Un projet d’envergure
Avec humilité, Donna Naughton élabore la genèse du projet original : « C’était l’idée du responsable de la collection de mammifères, autrefois mon patron. Il voulait créer un livre des mammifères du Canada qui était plus complet et incomparable à tout ce qui était disponible à l’époque. Il voulait inclure tous les spécimens connus du Canada. » En tout, onze ans de travail ont été requis pour terminer seulement l’écriture de la première édition anglophone. Onze ans de travail minutieux, de recherche et de synthèse de multiples informations acquises au fils du temps. En effet, chaque animal représenté est accompagné d’une description détaillée de son aspect physique, de son habitat, de son comportement et d’autres caractéristiques telles que son alimentation et son rituel d’accouplement.

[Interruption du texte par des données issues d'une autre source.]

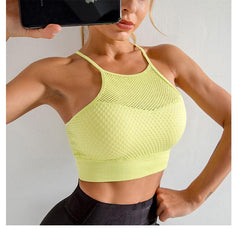 Shockproof Push-up Yoga Sports Bra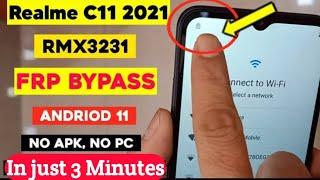 Realme C11 2021 (RMX3231) Frp Bypass | Google Account Unlock Without Pc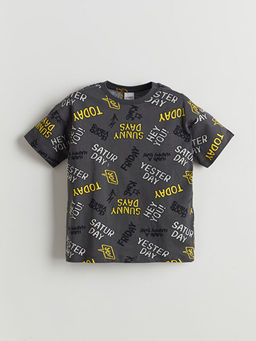 Bisiklet Yaka Erkek ?ocuk ?ortlu Pijama Tak?m?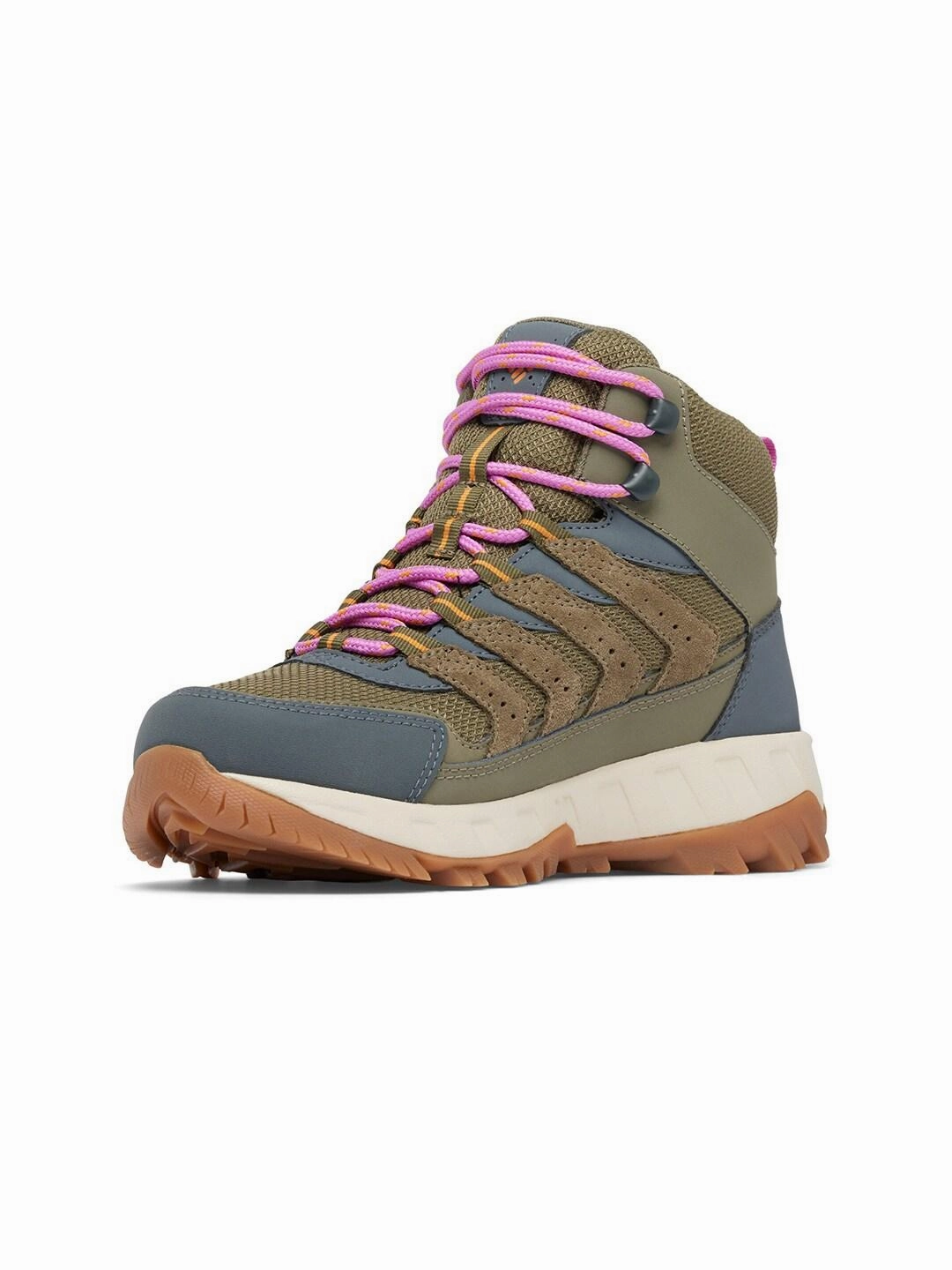 Waterproof Orthotic Shoes Columbia Women Green STRATA TRAIL MID WP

En plus d’inclure plusieurs textes informatifs, le traité regroupe des cartes territoriales, des tableaux en couleur, des dessins instructifs et surtout une collection impressionnante d’illustrations détaillées de chaque espèce. À bien y penser, le Musée canadien de la nature reste l’un des terrains de jeu les plus intéressants à tout illustrateur. Pas besoin de chercher les modèles trop loin : une vaste collection de crânes, peaux et squelettes de nombreuses espèces s’y trouve déjà.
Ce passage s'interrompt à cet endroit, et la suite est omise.